Exercise directions. Restate the following entries exactly. Keep the pictures out.

(Stored items)
_ _ _ _ _ _ _

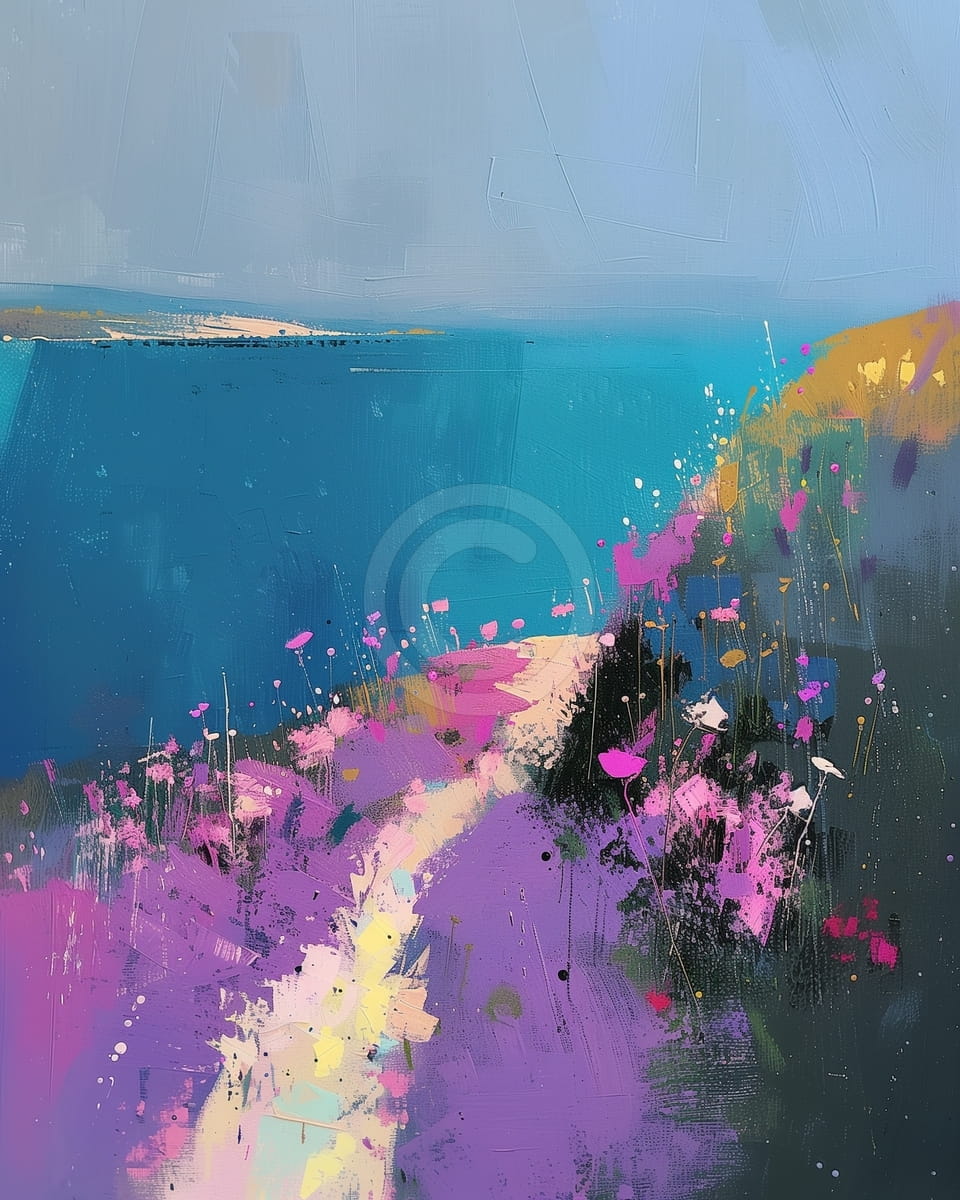 Camino Costero con Flores Silvestres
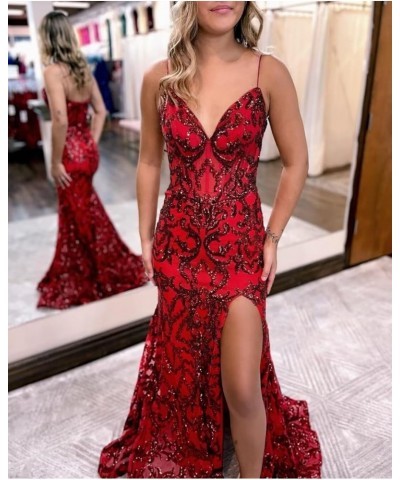 Sparkly Sequin Mermaid Prom Dress with Slit for Women Spaghetti Straps Evening Formal Gown 2024 A Plum $45.89 Dresses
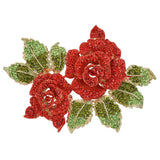 Tuliper Gorgeous Rose Flower Brooch Pin Red Austrian Crystal Brooches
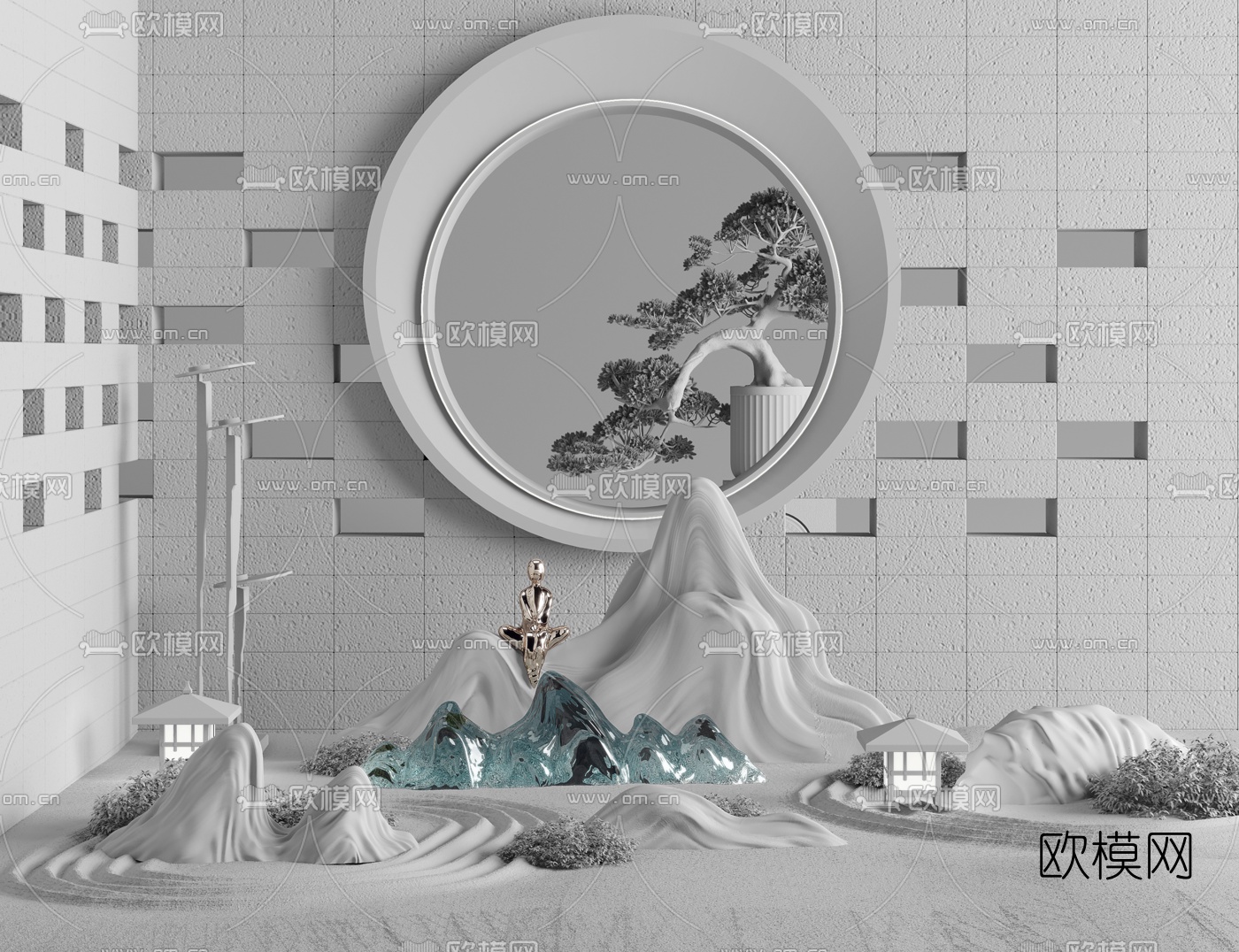 新中式山石树木园艺小品3d模型下载（渲染图5）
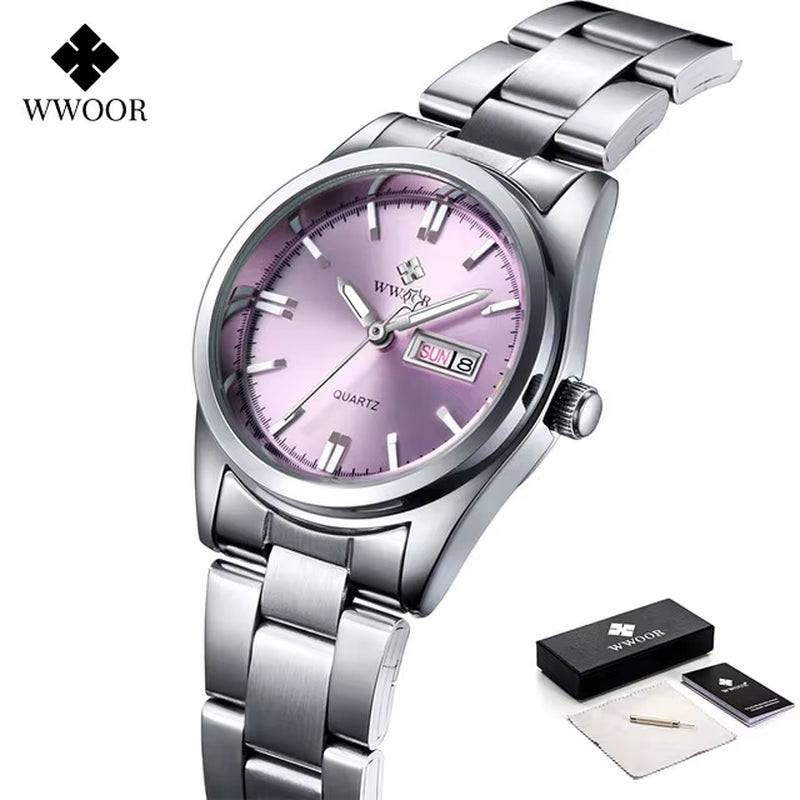 Montre Femme 2024  Fashion Ladies Watches Waterproof Quartz Silver Clock Women Automatic Date Dress Wrist Watch Reloj Mujer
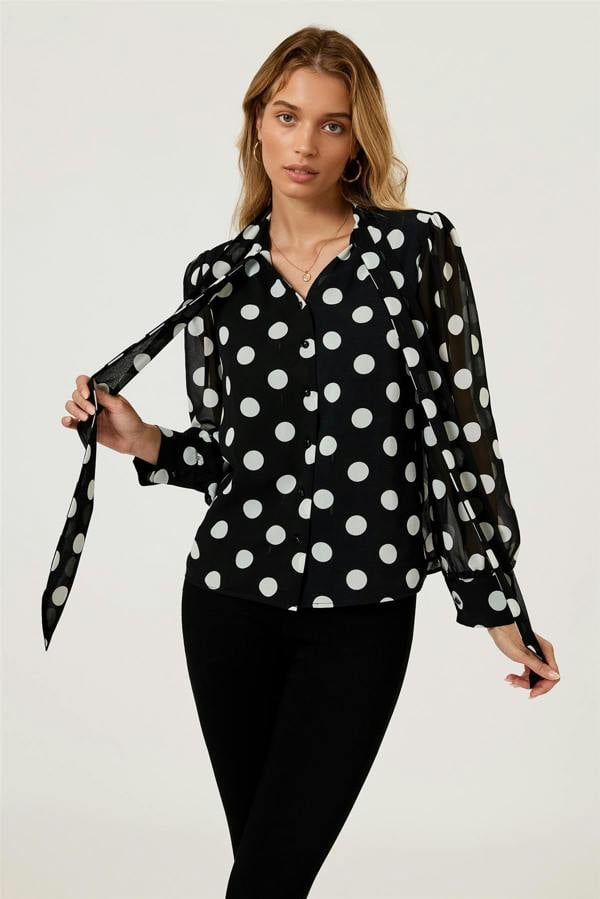 FS Collection Dot Print Tie Detail long sleeve Blouse Top In Black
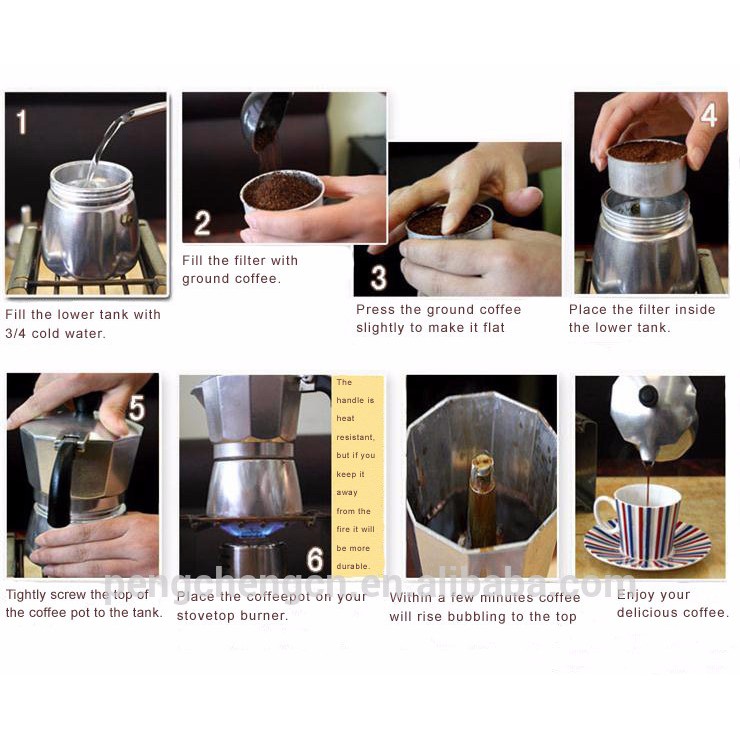 EXLUSIVE Espresso Coffe Maker 6 Cups Mokapot Coffe Maker Elegant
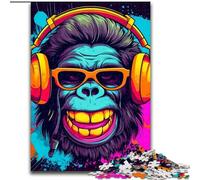 Puzzles pour Adolescents 1000 pièces Singe DJ Musique, pour Jeu éducatif Défi Jouet Améliorer la mémoire pour Les 14 Ans (Taille 26x38cm)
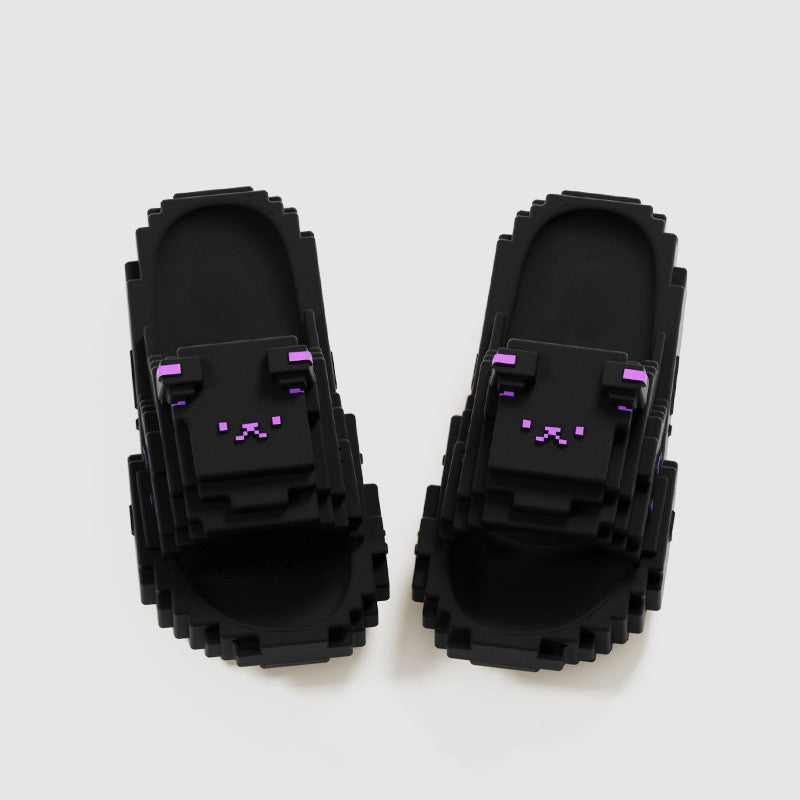 Papuci Casual pentru Adolescenti, Flippy, Model Unisex de Forma Pixel, Rezistenti Usori si Moi din Spuma EVA Antiderapanti, Marime 36-37, Negru - vivimall.ro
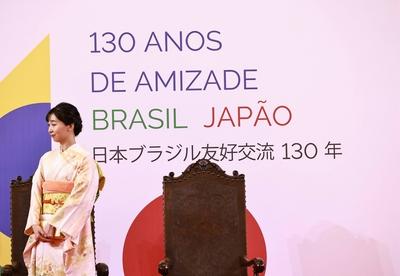 Homage with the Order of Ipiranga to the Imperial Highness of Japan, Princess Kako at the Bandeirantes Palace in Sao Paulo-stock-photo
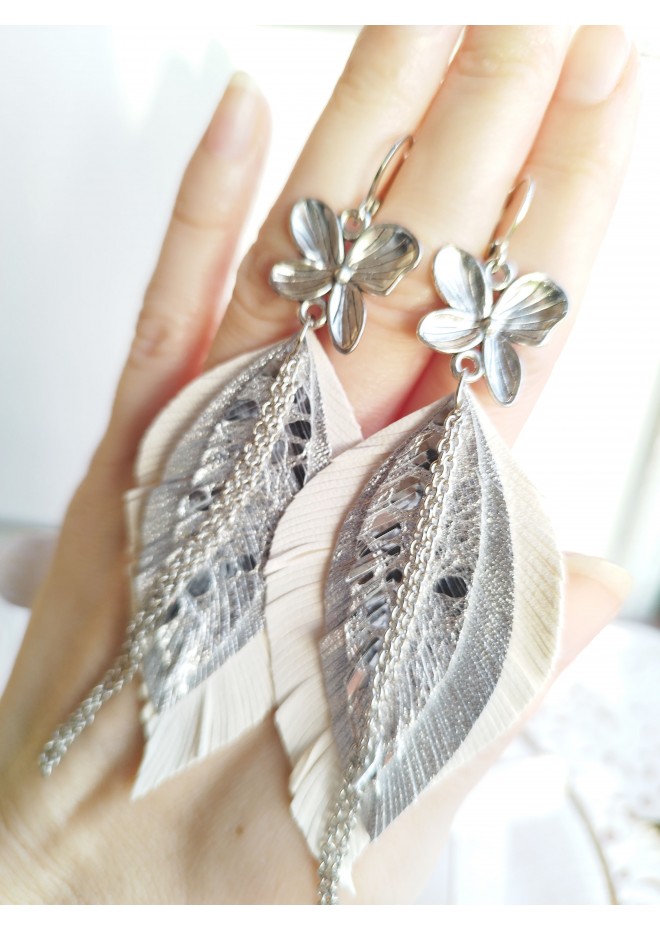 leather feather earrings white  flower connector , genuine leather jewelry 
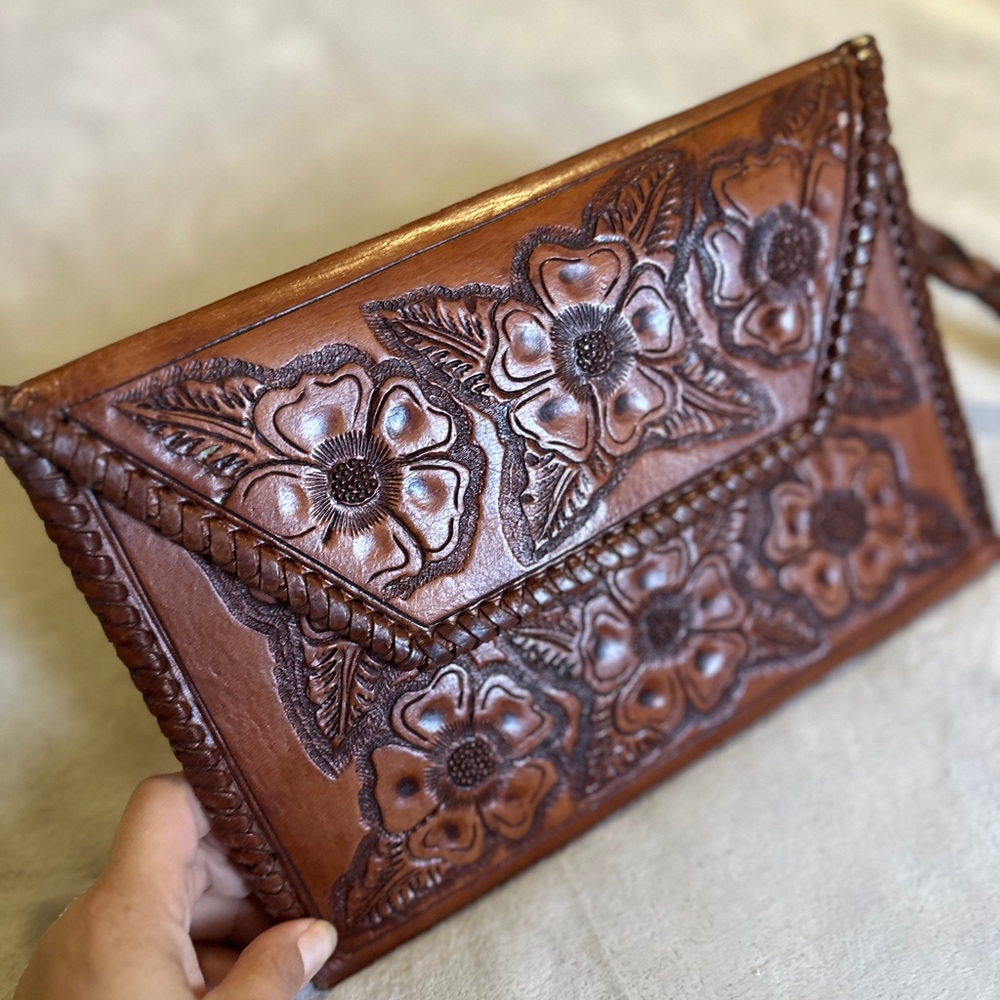 Floral Embossed Leather Clutch - Picture 2 of 8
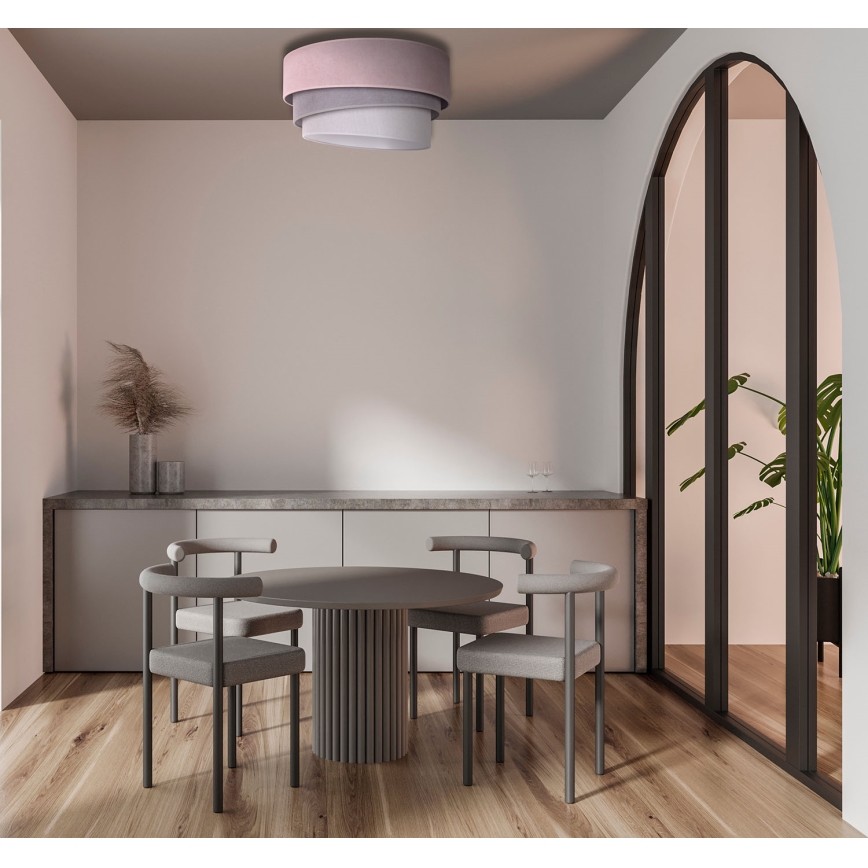 Duolla - Taklampa TRIO 1xE27/15W/230V diameter 45 cm rosa/grå/vit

_ _ _ _ _ _ _

Answer below.
 Camino Costero con Flores Silvestres
 Sparkly Sequin Mermaid Prom Dress with Slit for Women Spaghetti Straps Evening Formal Gown 2024 A Plum $45.89 Dresses
 Tuliper Gorgeous Rose Flower Brooch Pin Red Austrian Crystal Brooches
 新中式山石树木园艺小品3d模型下载（渲染图5）
 Montre Femme 2024  Fashion Ladies Watches Waterproof Quartz Silver Clock Women Automatic Date Dress Wrist Watch Reloj Mujer
 FS Collection Dot Print Tie Detail long sleeve Blouse Top In Black
 EXLUSIVE Espresso Coffe Maker 6 Cups Mokapot Coffe Maker Elegant
 Puzzles pour Adolescents 1000 pièces Singe DJ Musique, pour Jeu éducatif Défi Jouet Améliorer la mémoire pour Les 14 Ans (Taille 26x38cm)
 Papuci Casual pentru Adolescenti, Flippy, Model Unisex de Forma Pixel, Rezistenti Usori si Moi din Spuma EVA Antiderapanti, Marime 36-37, Negru - vivimall.ro
 Homage with the Order of Ipiranga to the Imperial Highness of Japan, Princess Kako at the Bandeirantes Palace in Sao Paulo-stock-photo
 leather feather earrings white  flower connector , genuine leather jewelry 
 Floral Embossed Leather Clutch - Picture 2 of 8
 Duolla - Taklampa TRIO 1xE27/15W/230V diameter 45 cm rosa/grå/vit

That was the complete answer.